Other aircraft used throughout the years:

- 2 Britten-Norman Islander
- 1 Britten-Norman Trislander
- 3 Fairchild FH.227
- 4 Douglas DC-9-14
- 2 Cessna Caravan
- 1 Douglas DC-9-15
- BAE Jetstream 31

==Accidents and Incidents==
- On July 8, 2000, Aerocaribe MEXICO Flight 7831 crashed near Chulum Juarez, (Chiapas) Mexico; all 19 on board died.

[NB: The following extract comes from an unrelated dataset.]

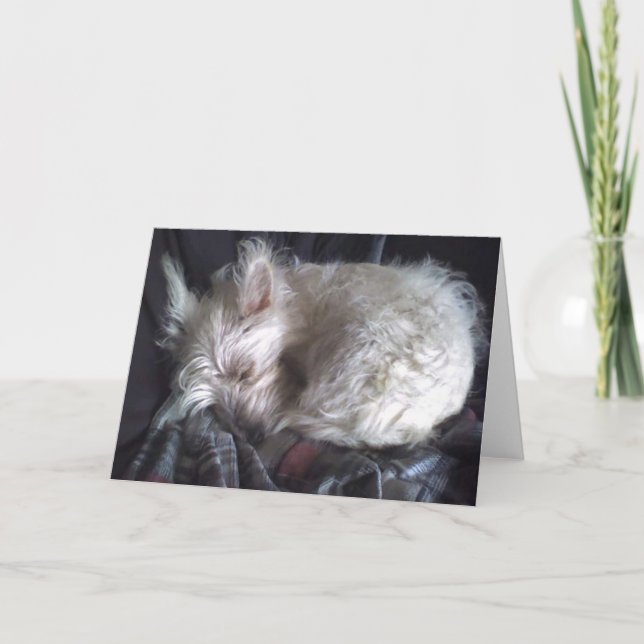 Carte de salut à l'ours à sucre (Devant)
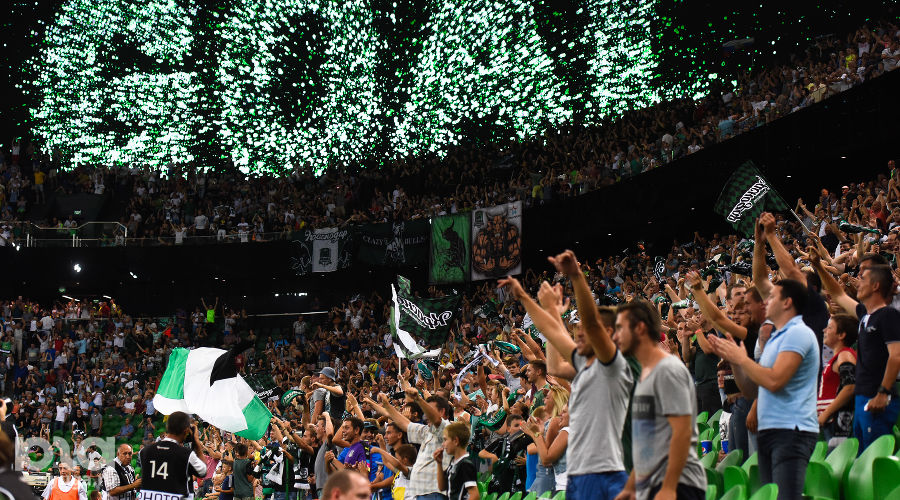  © Фото Елены Синеок, Юга.ру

- On June 21, 1988, a two-engined aircraft flight from Cancún to Chichen Itza returned to the Cancún International Airport after losing hydraulic fuel from left engine. As the plane was coming in for landing, the pilot purposely flew past the runway (possibly because the landing gear was unable to lower) and crashed in the swamp surrounding the airport. The front of the plane with the cockpit tore off from the main cabin. All passengers and crew survived (two pilots, one flight attendant and approximately 25 American passengers from Club Med). The flight was a day excursion to visit the Mayan ruins on the Yucatán peninsula. The passengers walked for one hour through the swamp to safety. One passenger sustained a mild head wound requiring sutures. The plane remained in the swamp for approximately one year following the crash.